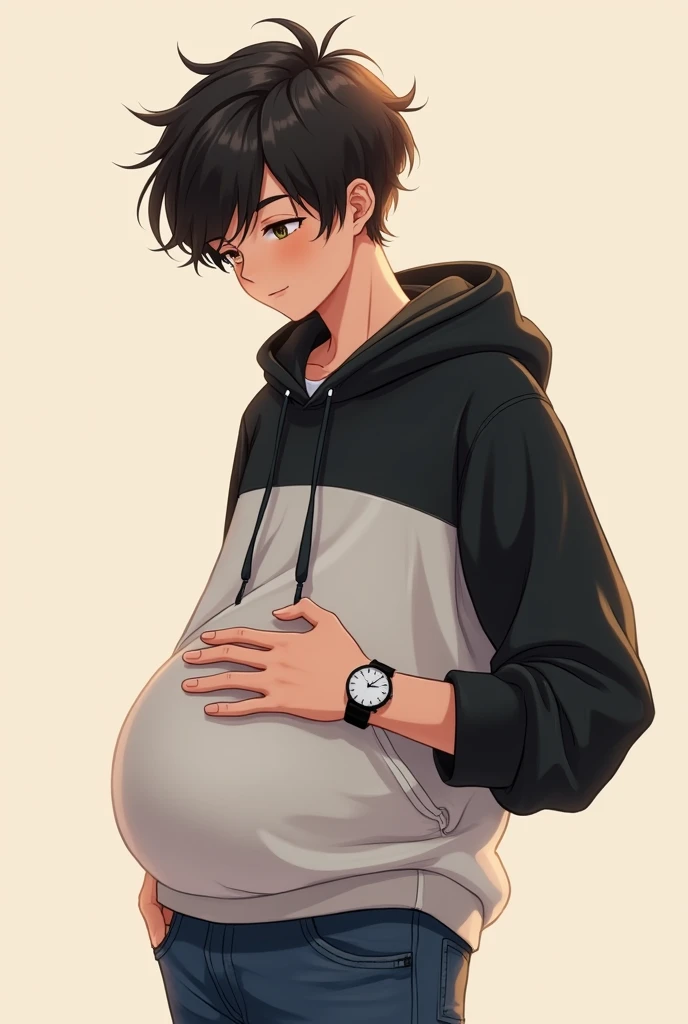 A Cute Handsome Boy 1 boy Wearing white and Black Hoodie and jeans and watch on hand and fluffy hair and 1  faint baby  In stomach and hand on stomach..Anime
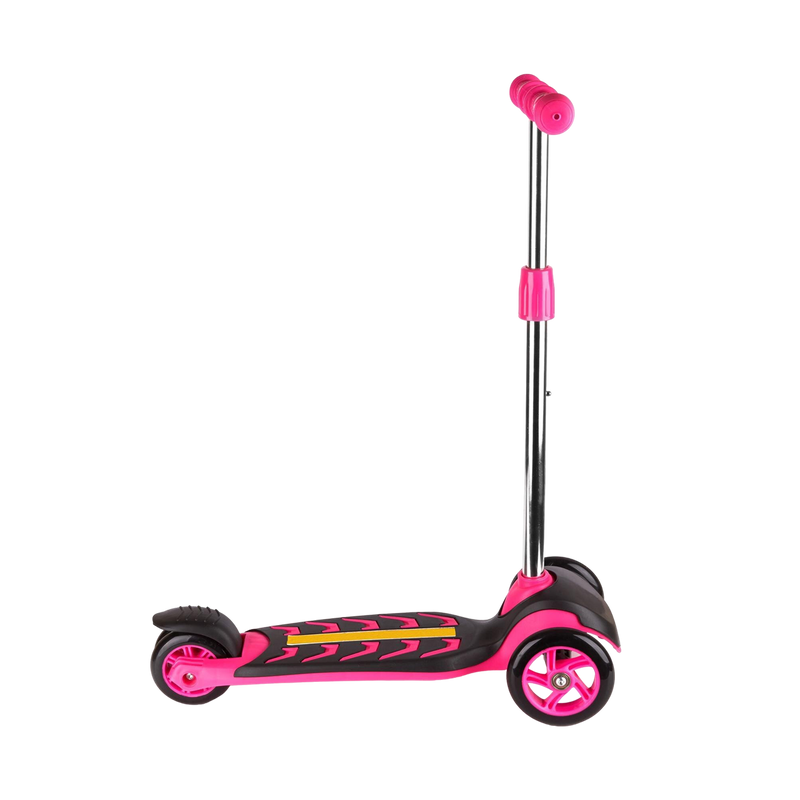 Kids 3-Wheel Kick Scooter side view hot-pink and black lightning bolt deck chrome adjustable stem pink T-bar grips wide twin front wheels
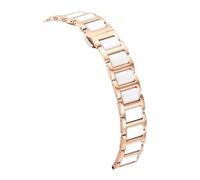 LMINGZE Massives Edelstahl-Keramikarmband, 12 mm bis 22 mm, universelles Uhrenarmband, Schnellverschluss-Armband(Rose Gold-White,12mm)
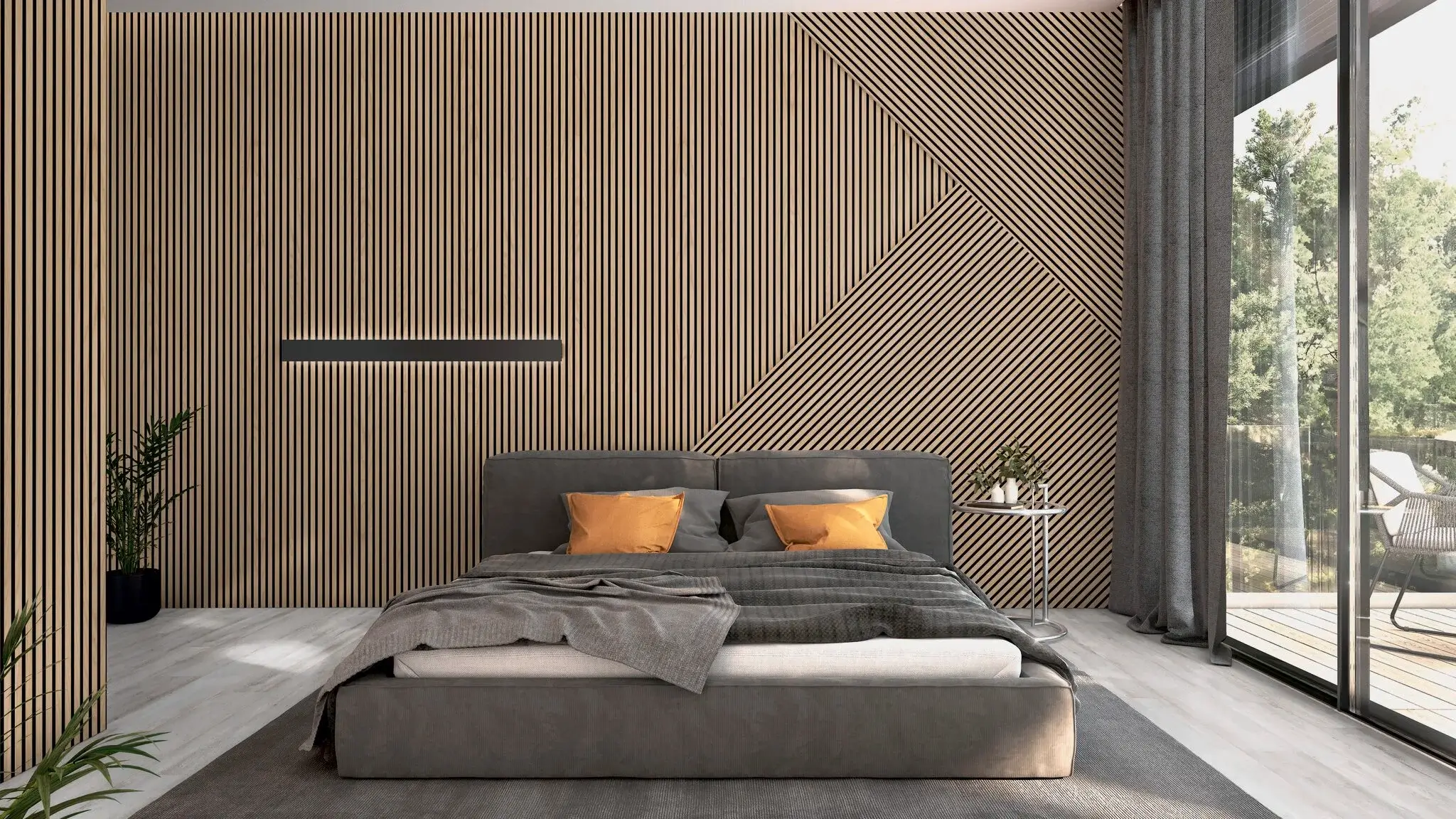 Schlafzimmer, Holz, Bett, Wandverkleidung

What the task requires — Restate the listing word for word, pictures excluded.

Answer box —
 A Cute Handsome Boy 1 boy Wearing white and Black Hoodie and jeans and watch on hand and fluffy hair and 1  faint baby  In stomach and hand on stomach..Anime
 Kids 3-Wheel Kick Scooter side view hot-pink and black lightning bolt deck chrome adjustable stem pink T-bar grips wide twin front wheels
 LMINGZE Massives Edelstahl-Keramikarmband, 12 mm bis 22 mm, universelles Uhrenarmband, Schnellverschluss-Armband(Rose Gold-White,12mm)
 Schlafzimmer, Holz, Bett, Wandverkleidung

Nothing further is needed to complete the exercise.